Regulatory Contagion?

I had the pleasure to be on a panel on Capitol Hill last Friday sponsored by the Advanced Communications Law and Policy Institute. The subject was whether the current financial crises and the likely push to rightly reregulate the financial services sector would lead to calls to reregulate the telecommunications sector (particularly broadband and wireless telephony). As James Gattuso, the moderator, noted, somewhat tongue in cheek, there are probably scores of such events taking place in Washington this month as industry after industry scrambles to figure out how to avoid the regulatory reaction that is sure to happen as Congress works to figure out how to avoid such a mess like this in the future.

There are two key questions here. Will telecom get caught up in this wave, and should it.  With regard to “will it,” only time will tell. With regard to “should it,” the answer is no.  But my reason for arguing this was quite different than that given by most of my fellow panelists.

They argued that the advanced telecom sector is now competitive and therefore should be spared any regulatory backlash. But I argued that the reason for restraint is actually just the opposite. It was precisely because there was too much competition and too little transparency in the financial services industry that the crisis emerged, and precisely because there is more concentration and a large degree of transparency in the telecom industry that a rush to reregulate would be ill advised.

As Columbia law professor Michael Heller argues in his excellent new book, The Gridlock Economy, the current financial meltdown stems in part from too many owners of mortgages. He writes, “There were so many partial owners of pooled mortgages that no one cared to act like an old-fashioned mortgage banker with careful underwriting and loan servicing…. Scattered owners of pooled mortgages could not easily reach agreement to restructure troubled loans.” But it’s even worse, for U.S. banks themselves are too dispersed. Because of arcane, populist inspired laws, we have over 8,400 FDIC insured commercial banks. Compare that to Canada where there are essentially 5 major national banks. Not only does our banking system lead to inefficiency through lack of scale economies, it leads banks to be poorly capitalized and exposed to much higher risk than in Canada. This is one reason why Canada has largely escaped the mortgage crisis. Throw on top of that the fact that large parts of the market, especially derivatives markets, were largely invisible to regulators, and you had an industry that was ripe for problems.

In contrast, the telecom sector is made up of a much smaller number of national, well capitalized players – like AT&T, Verizon, Comcast, and Time Warner Cable. The actions of these companies are highly visible, with a host of consumer watchdog groups watching their every move, ever ready to blow the whistle on any behavior they question. And surrounding the entire industry is a state and federal regulatory system which still has significant influence, if for no other reason that firms in the industry are dependent on the oversight and good will of the Federal Communications Commission.

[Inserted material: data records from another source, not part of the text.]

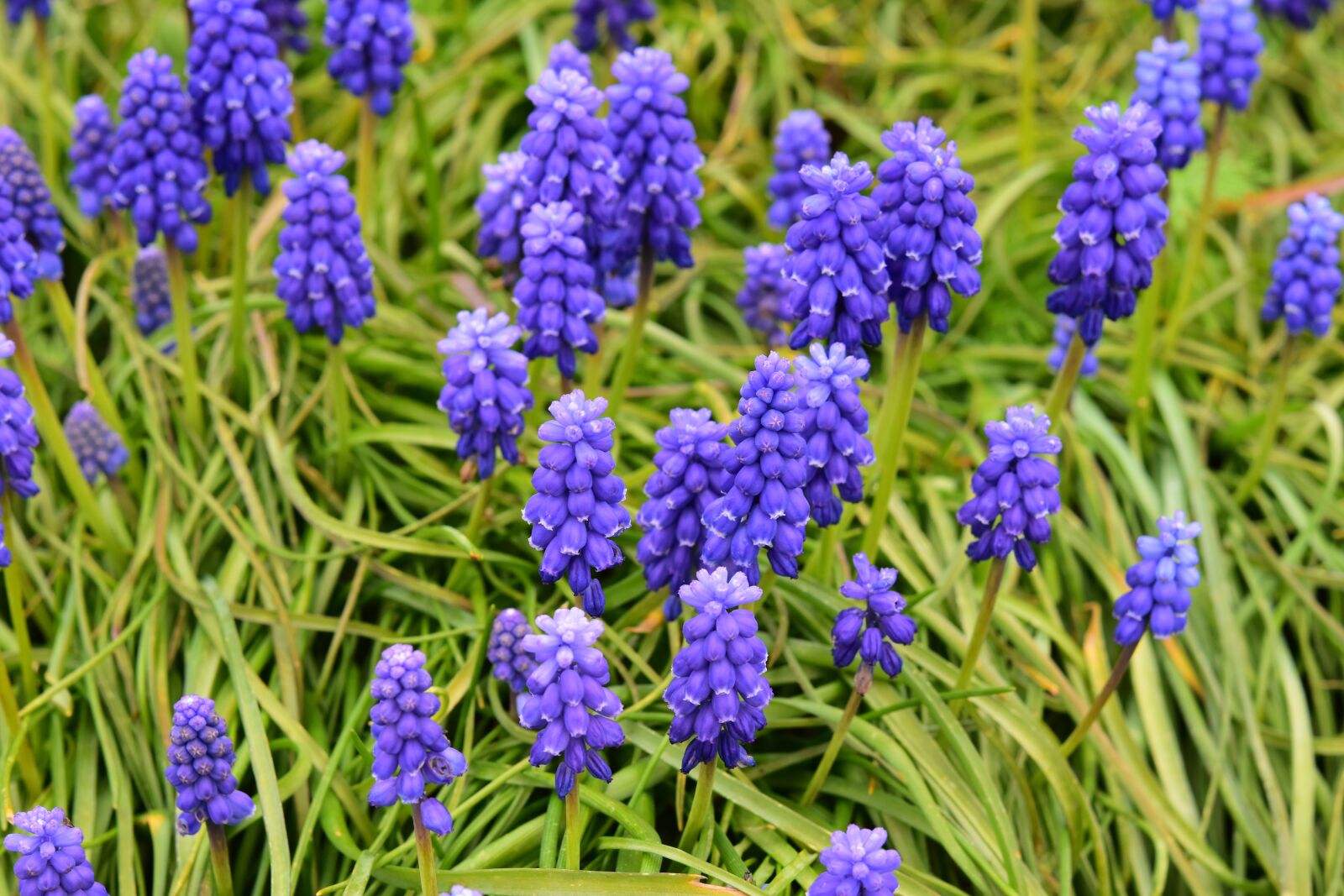 Nikon D5600 sample photo. Flowers, muscari, hyacinth cluster photography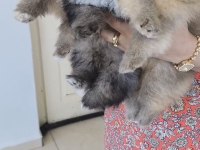 Pomeranian köpeği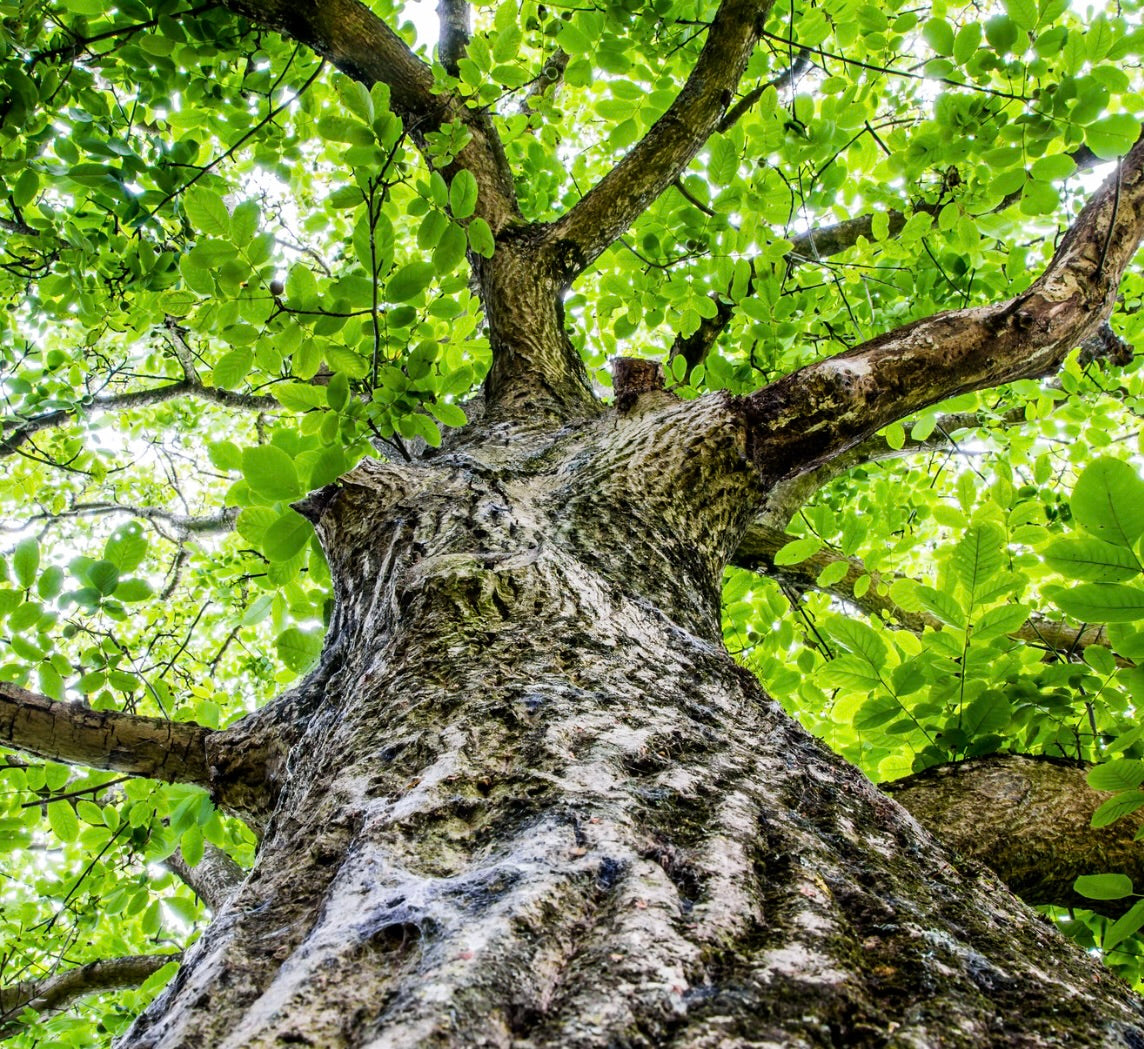 Juglans regia mature tree with textured bark and bright green compound leaves canopy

A major reason why Washington ignored the growing problems in the financial services industry was because most policy makers believed in the primacy of unfettered markets and the belief that competitive markets are the holy grail. This belief is not just some random notion that happens to be in vogue. Rather, it lies at the heart of the economic doctrine that prevails in Washington: neo-classical economics. Indeed, since the late 1970s, neo-classical economics, with its belief in the primacy of markets and the inherent limitations of government, has been the dominant economic doctrine shaping most of Washington’s thinking and action on the economy. Whether it’s the conservative version (supply-side economics) or the liberal version (sometimes called “Rubinomics,” referring to the policies of President Bill Clinton’s Secretary of the Treasury Robert Rubin), the neo-classical doctrine has become so prevalent that for many it has become synonymous with scientific truth.

If we are to go forward into this brave new world it will be critical to have the right economic doctrine to shape Washington’s thinking so that it can more effectively determine questions like when does regulation makes sense, when it does not, and what kind of regulatory interventions make the most sense. In subsequent posts, I will be writing about what I think that doctrine – what ITIF calls innovation economics – should look like and what kinds of policies toward innovation we should be focusing on.